Here is my derivation,

I call $g_i$ the event that a carry is generated at position $i$, $p_i$ the event that a carry is propagated through the position $i$ and $a_i$ the event that it is annihileted. All of these events depend only from $x_i, y_i$ (bits of the input). I have to compute the probability

$$Pr\left(g_i,p_{i+1},...,p_{j-1},a_{j}\right) = Pr(g_i) \prod_{k=i}^{j-1}Pr(p_{k}) Pr(a_j)$$

However when I substitute the probabilities given by the book at the beginning of page 81 the result that comes out from my expression is not the same, so probably both I'm missing something or the book's result is wrong.

Can you help to understand where is the problem?

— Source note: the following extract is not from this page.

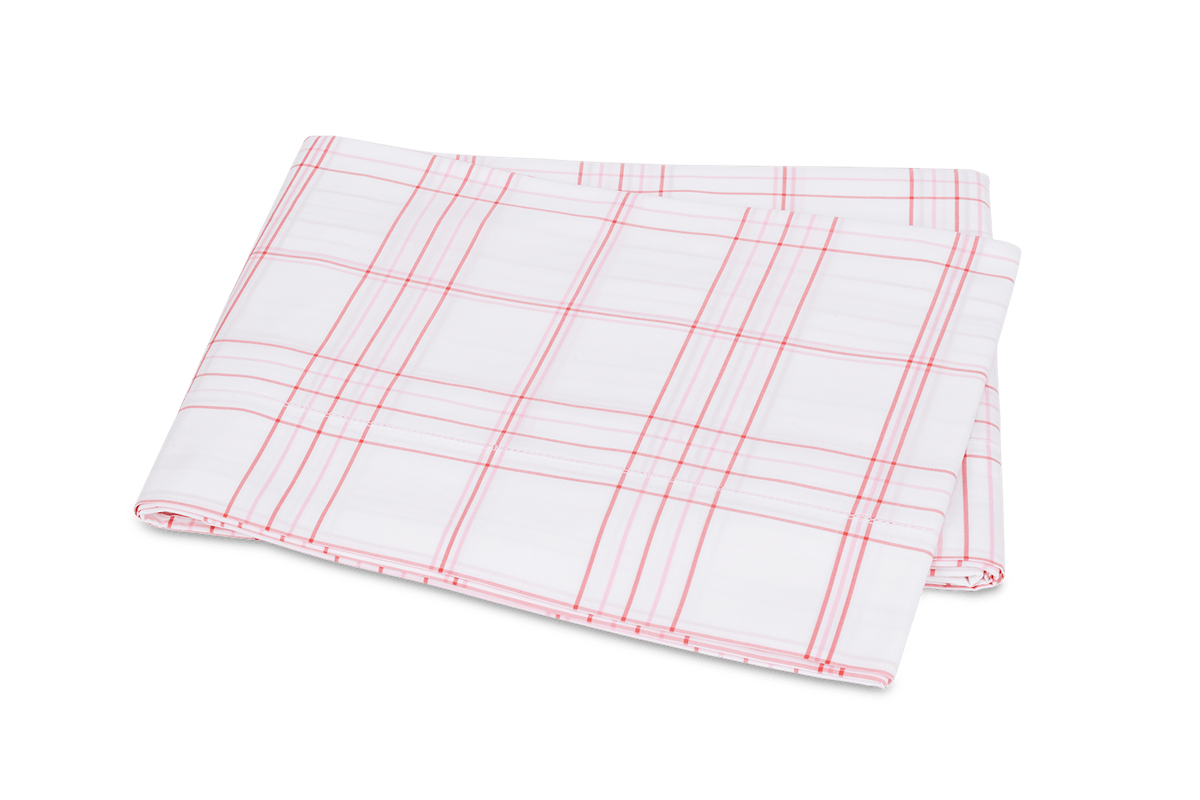 August Plaid Flat Sheet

• Based on the example given in the book, it seems to me a chain can stop either when the carry is annihilated or when a new carry is generated. If you only count annihilation you will get half the correct probability. What probability did your modeling give you? – David K Aug 26 '16 at 19:11
• basically the same, but instead of the factor 1/2 it gives me 1/2^4 – user8469759 Aug 26 '16 at 19:16
• I think that should be $\prod_{k=i+1}^{j-1}Pr(p_{k})$ rather than $\prod_{k=i}^{j-1}Pr(p_{k})$, because you cannot have both $g_i$ and $p_i$ occur simultaneously. – David K Aug 26 '16 at 20:24

The probability that a carry generated at position $i$ will propagate up to and including position $j - 1$ and stop at position $j$ $(j > i)$
You seem to have interpreted this as "the probability that a carry is generated at position $i$ and propagates up to and including position $j - 1$ and is annihilated at position $j$". The only way for a chain to be "annihilated" is if it reaches a position where both addends have bit value $0$.
The book is interpreting this phrase to mean "the probability that a carry propagates up to and including position $j - 1$ and the chain stops for any reason at position $j$, given that a carry is generated at position $i$". Reasons for the chain to stop are because position $j$ annihilates the carry, or because position $j$ generates a new carry (which stops the previous chain), or because "position $j$" is actually the "carry out" bit (which by assumption no chain can continue beyond).
That is, the probability that the book computes as $2^{-(j-i)}$ is meant to be $$\left(\prod_{k=i+1}^{j-1}Pr(p_{k})\right) Pr(a_j \lor g_j)$$ which is a factor of $8$ greater than the result you reported.